Presbyterian Senior Services, a non-profit in New York that runs community programs for older adults, recently added a new course to its curriculum: “Introduction to Cryptocurrency”
“I’m 73 years old. What’s the biggest risk to my estate planning strategy if I don’t jump on the cryptocurrency bandwagon?” asked one of the attendees to the webinar last month.
Seniors are often advised to move their investments from stocks to bonds because they cash out of their investments more often than younger consumers do. But with record-high inflation threatening even that safe haven, some older adults are eyeing alternative assets, including cryptocurrencies.
It’s easy to see why. Bitcoin’s meteoric rise of 164% in 2021 far outpaced other asset classes, making it an attractive way for pension funds and seniors alike to make up for lost savings—if they know what they’re doing and can manage the serious risks. (Just in the last month, the asset has dropped by nearly $10,000, or 24% of its value.)
Still, the prospect of the crypto world courting older adults is raising questions, if not setting off alarms, about how best to protect people from financial exploitation—including from family members—angling for a cut of the trillions in record-high wealth now sitting in the accounts of US adults over age 70.
Is crypto a retirement asset?
The demand for a bitcoin option from retirement plan sponsors recently prompted Fidelity Investments—the US’s largest provider of 401k plans—to offer bitcoin as an option in 401k plans. The company is starting out by offering the program to employees at business intelligence software firm Microstrategy and then will broaden out. Employers will need to approve the crypto option for their employees to access it.
But others are less considered in their approach. Some players in the crypto space are pretty aggressively marketing their position that crypto belongs in retirement accounts. Onramp Invest—a platform for financial advisors wanting to help clients get into crypto—wrote a 55-page report to the Certified Financial Planner Board of Standards in January. In it, the company made the argument that given the proliferation of crypto assets, it would be a breach of fiduciary duty for financial advisors to not offer advice on digital currencies.

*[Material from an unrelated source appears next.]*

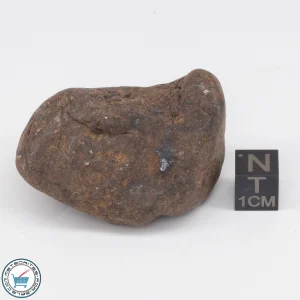 UNWA Meteorite Stone Tumbled 69.9g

To be sure, retirement fund managers usually target people who are younger and still in the workforce, so they are not necessarily catering to seniors. Still, data suggest that Gen Z and Millennials are hardly the only generations gambling with crypto in their retirement accounts. Last year, Bitcoin IRA told Yahoo! Finance that half of its 100,000 user base is 55 or older, and 75% of users are over age 45.
Overall, however, only 3% of US adults older than 65 have invested in crypto versus 31% of Americans who are 18-to-29 years-old, according to Pew Research.
Whether or not this trend continues depends on how crypto is regulated in the future, if it’s regulated at all. Older investors are likely to be turned off if they get burned by crypto or if the economic outlook improves.
Crypto education can protect people from fraud
For certified financial planner Justin Castelli, crypto education for the 70% of his clients who are seniors, retirees, or pre-retirees is about making sure they’re able to stay ahead of all the misinformation on the web. (Less than 10% of Castelli’s clients have allocated any part of their portfolio to crypto, and he generally advises seniors to limit their investments on volatile assets to no more than than 5%.)
The number of companies looking to educate financial advisors on crypto is also growing. In May, the Digital Assets Council of Financial Professionals released a certificate course for financial advisors. Other investment firms also offer their own online courses for financial advisors to DIY their crypto education.
With how much false information exists about crypto investing, Canstelli said he aims to just make sure that his clients understand the basics.
When one of his senior clients wanted to send bitcoin to their grandson as a gift, Canstelli helped make sure that the client correctly set up a digital wallet through Coinbase. Canstelli also has other crypto explainers planned for his clients to help them become more comfortable with the nascent asset class.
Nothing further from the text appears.